GOAL OF THE EXERCISE:
This exercise calls for the records to be returned exactly, with images removed.

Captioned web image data
BEGIN

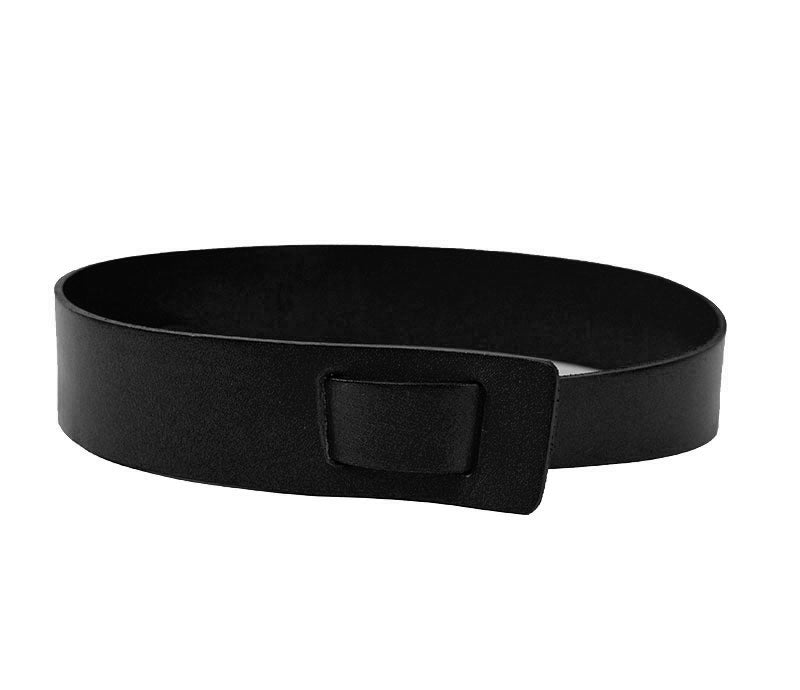 SEAFORTH - Women's Black Genuine Leather Knot Waist belt freeshipping - BeltNBags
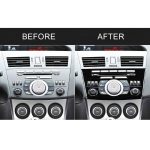 Für Mazda 3 Axela 2010-2013 Autoradio Panel Dekorativer Aufkleber, Links- und Rechtsantrieb Universal – Bild 6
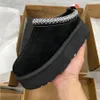 Designer tazz pantoffels tasman pantoffels mosterdzaad platform sneeuw ug laarzen klassieke wollen enkellaarsjes winter dames heren australie bontlaarzen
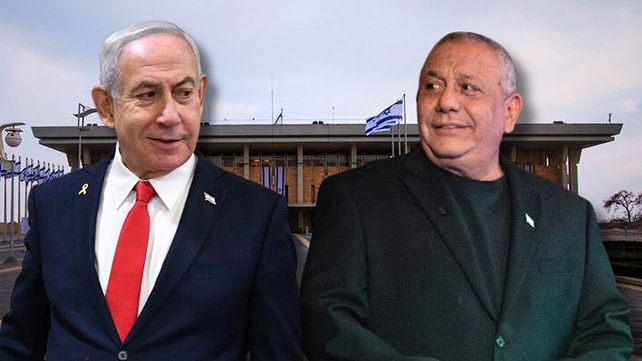 גדי איזנקוט ובנימין נתניהו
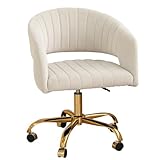 Photo Gallery zyhaoyan sedia ufficio in velluto, sedia girevole per computer, poltrona regolabile in altezza, confortevole sedia da salotto, con base color oro, per ufficio, camera letto, soggiorno, studio(beige) Photo Gallery zyhaoyan sedia ufficio in velluto, sedia girevole per computer, poltrona regolabile in altezza, confortevole sedia da salotto, con base color oro, per ufficio, camera letto, soggiorno, studio(beige)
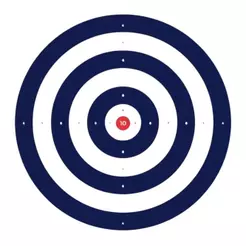 Alvo Papel Airguns Airsoft Azul 140x140mm 30und - Rossi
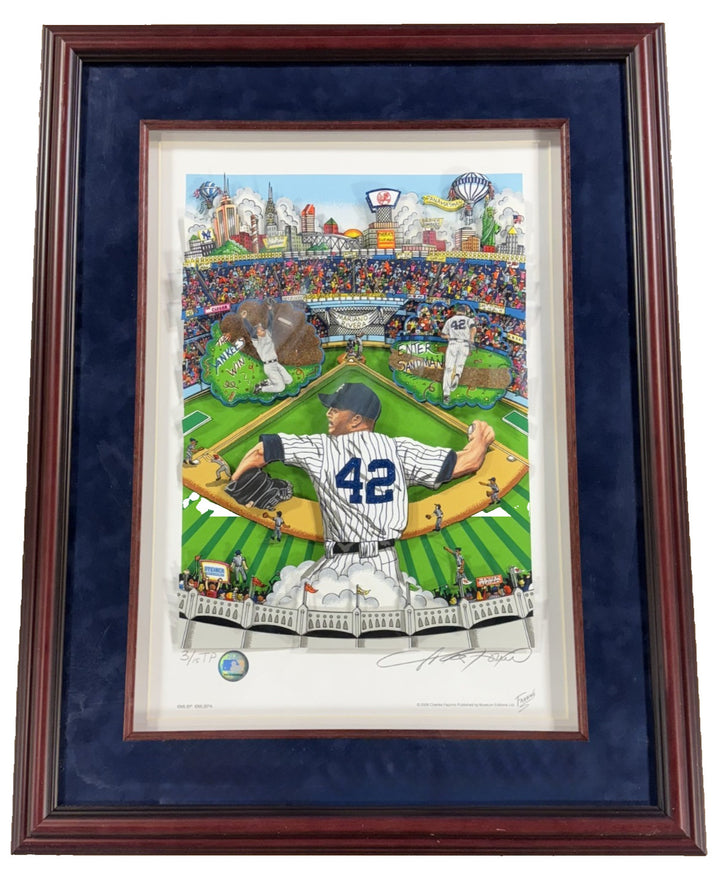 Mariano Rivera Ny Yankees Fazzino Signed 3D Framed Art Yankee Stadium 3/15 TP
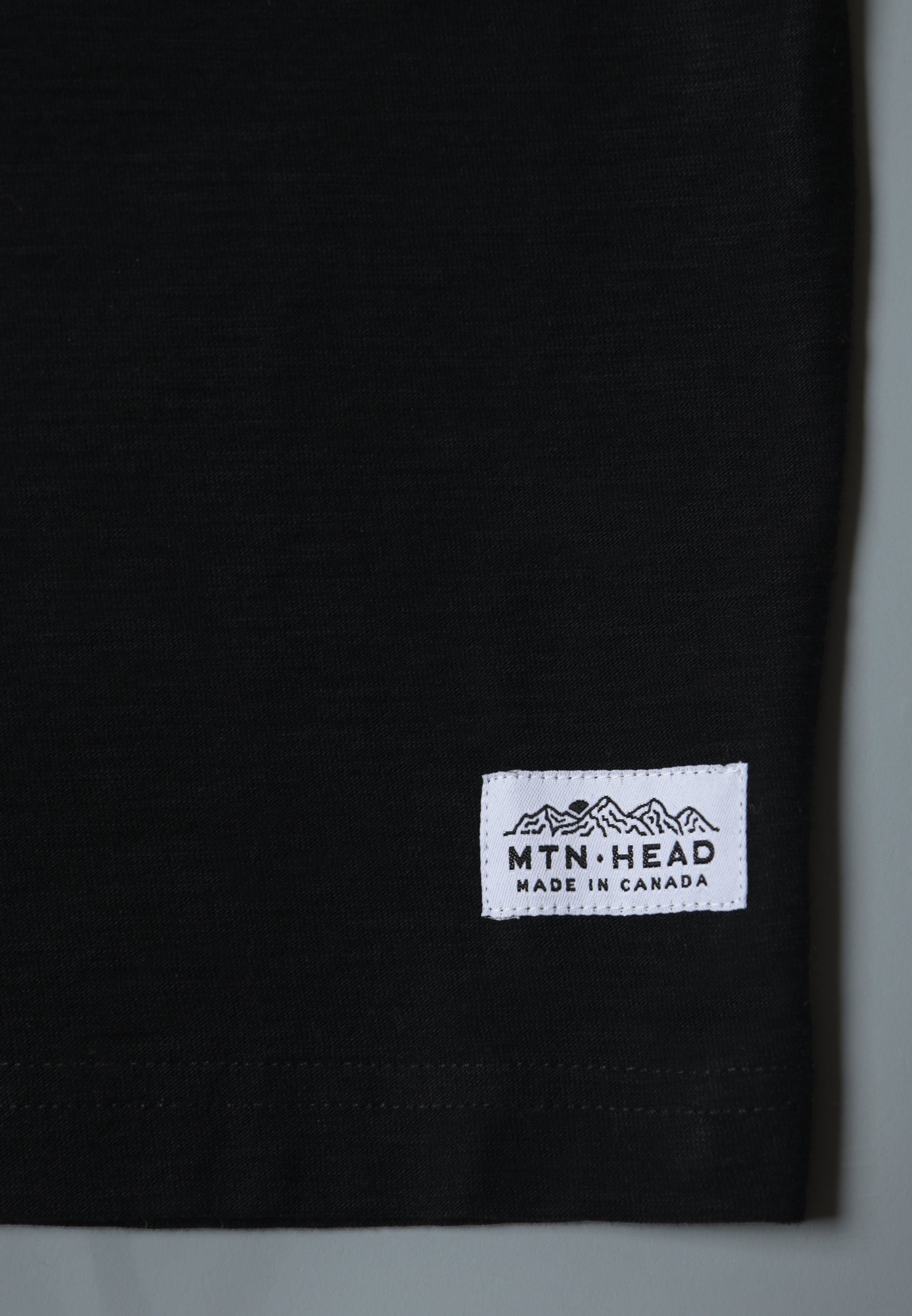 Heavy Weight Tee - Black - Canada Pennant Embroidery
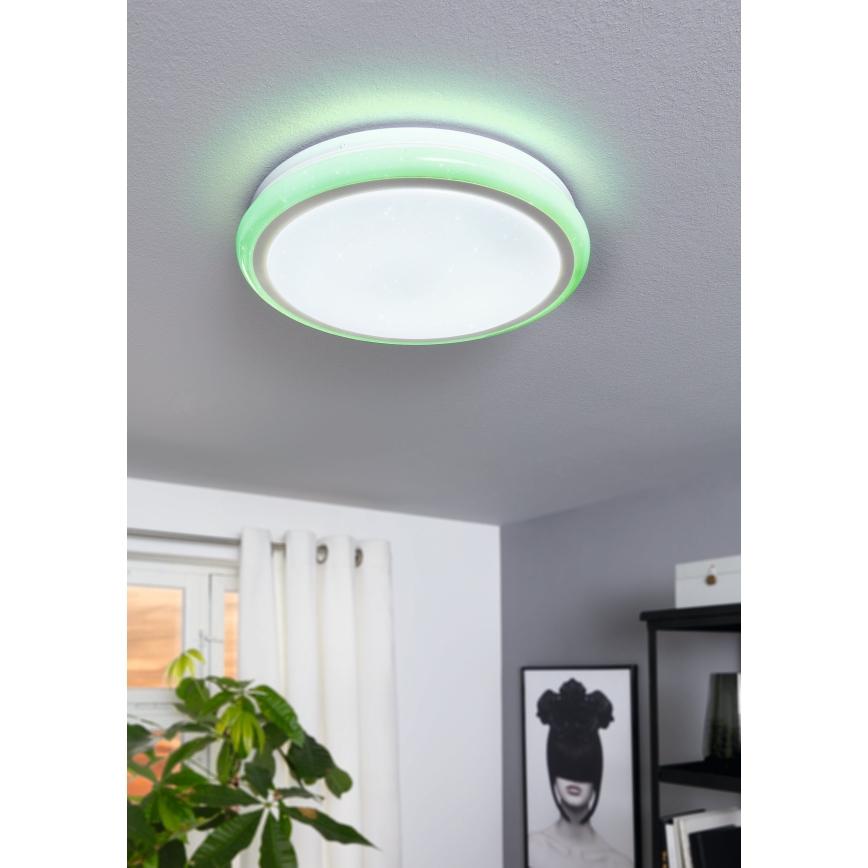 Eglo 79512 - ściemnialna lampa sufitowa LED RGB LIPARI LED/24W/230V + zdalne sterowanie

END

ANSWER FOR THIS EXERCISE:
 SEAFORTH - Women's Black Genuine Leather Knot Waist belt freeshipping - BeltNBags
 Für Mazda 3 Axela 2010-2013 Autoradio Panel Dekorativer Aufkleber, Links- und Rechtsantrieb Universal – Bild 6
 Designer tazz pantoffels tasman pantoffels mosterdzaad platform sneeuw ug laarzen klassieke wollen enkellaarsjes winter dames heren australie bontlaarzen
 גדי איזנקוט ובנימין נתניהו
 Photo Gallery zyhaoyan sedia ufficio in velluto, sedia girevole per computer, poltrona regolabile in altezza, confortevole sedia da salotto, con base color oro, per ufficio, camera letto, soggiorno, studio(beige) Photo Gallery zyhaoyan sedia ufficio in velluto, sedia girevole per computer, poltrona regolabile in altezza, confortevole sedia da salotto, con base color oro, per ufficio, camera letto, soggiorno, studio(beige)
 Alvo Papel Airguns Airsoft Azul 140x140mm 30und - Rossi
 Mariano Rivera Ny Yankees Fazzino Signed 3D Framed Art Yankee Stadium 3/15 TP
 Heavy Weight Tee - Black - Canada Pennant Embroidery
 Eglo 79512 - ściemnialna lampa sufitowa LED RGB LIPARI LED/24W/230V + zdalne sterowanie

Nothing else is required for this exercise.